Introduction: We evaluated the outcome, functional recovery, and complications of intramedullary nailing for fractures of the femoral shaft fractures. Methods: A prospective observational study was conducted at the National Hospital of Sri Lanka. Patients with isolated femoral shaft fractures undergoing intramedullary nailing were followed up prospectively to assess the factors associated with better functional recovery (measured by Harris Hip Score (HHS) and Western Ontario and McMaster University osteoarthritis index (WOMAC)). Results: Of 46 patients, the median age was 40(IQR=26-59) years. Majority had simple (n=34, 73.9%), closed (n=39,84.8%) fractures while seven (15.2%) had Gustilo Type I open fractures. Surgery was performed at a median of 9.5(IQR=6-14) days after the injury. Approximately two-thirds of the patients required reamed nailing (n=30, 65.2%). Three patients developed surgical site infections.

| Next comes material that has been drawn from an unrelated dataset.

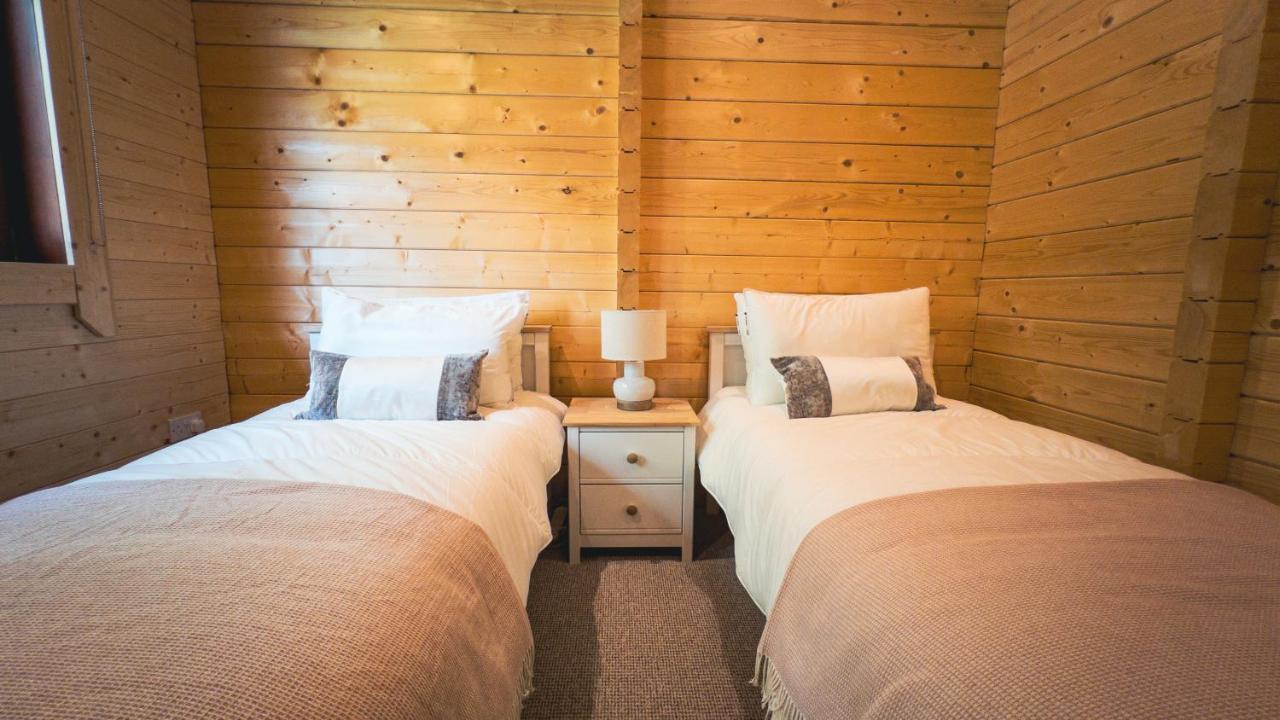 Sundance Lodge, Fantastic New Cabin With Hot Tub - Sleeps 6 - Largest In Felmoor Park Morpeth Zewnętrze zdjęcie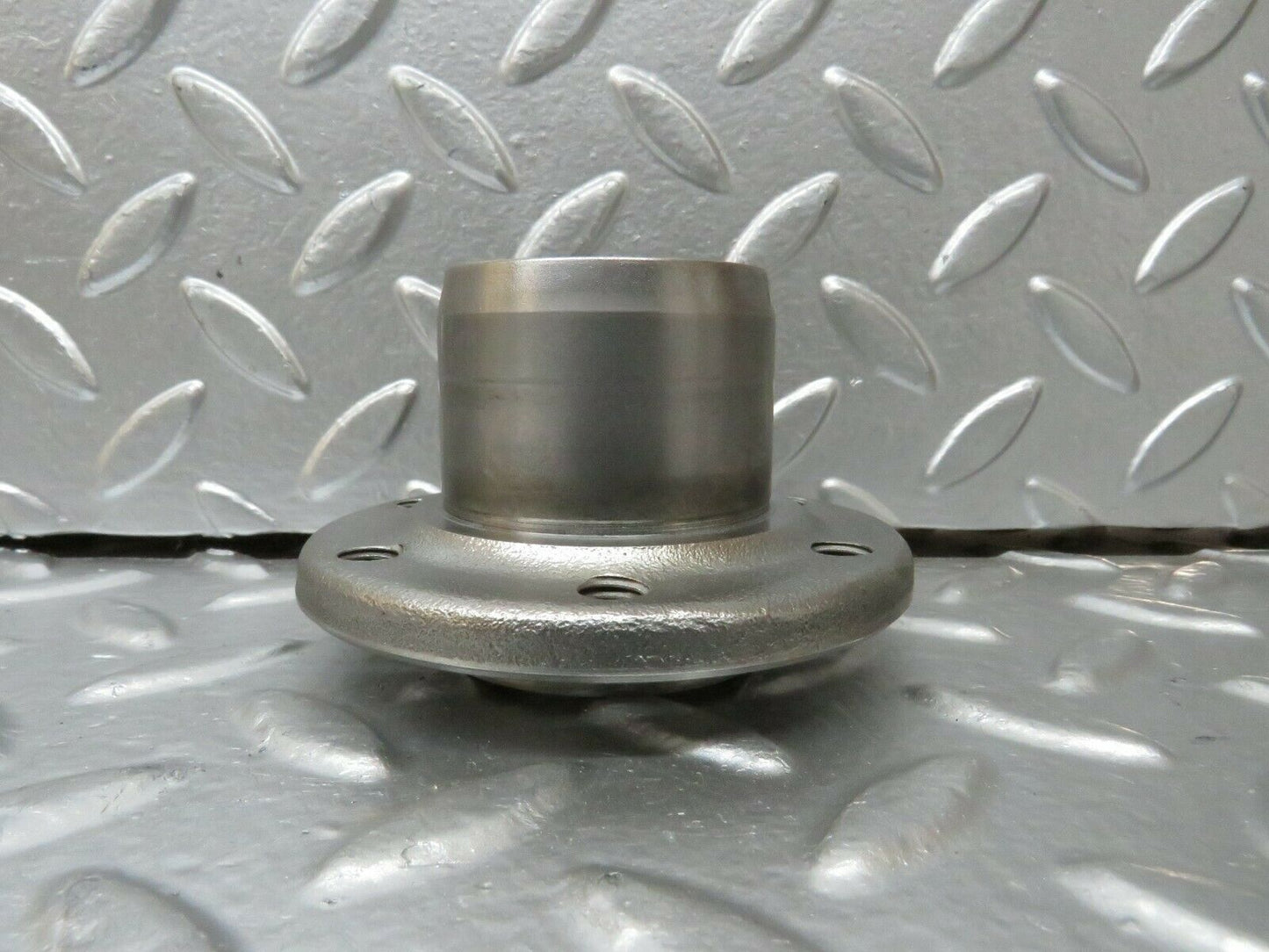 23899 Mercedes-Benz C107 450SLC Coupe Crankshaft Sleeve Hub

X-rays obtained at four months demonstrated features of non-union in 13(28.3%). Leg length discrepancy (LLD) was present in 16(34.8%), and rotational deformity in one patient. Full and partial weight-bearing at six weeks was achieved in six and 23 patients respectively while 17 patients were unable to bear weight. The median HHS and WOMAC at four months were 66.5 and 36, respectively. Patients with proximal or distal diaphyseal fractures, female patients and those with full weight-bearing six weeks showed the best WOMAC index. Conclusion: Proximal or distal diaphyseal fractures, female sex and ability to bear weight at six weeks post-surgery were associated with better functional outcomes at four months postoperatively. Surgeons should be mindful of the limitations of resource- poor settings which could affect the surgical outcomes.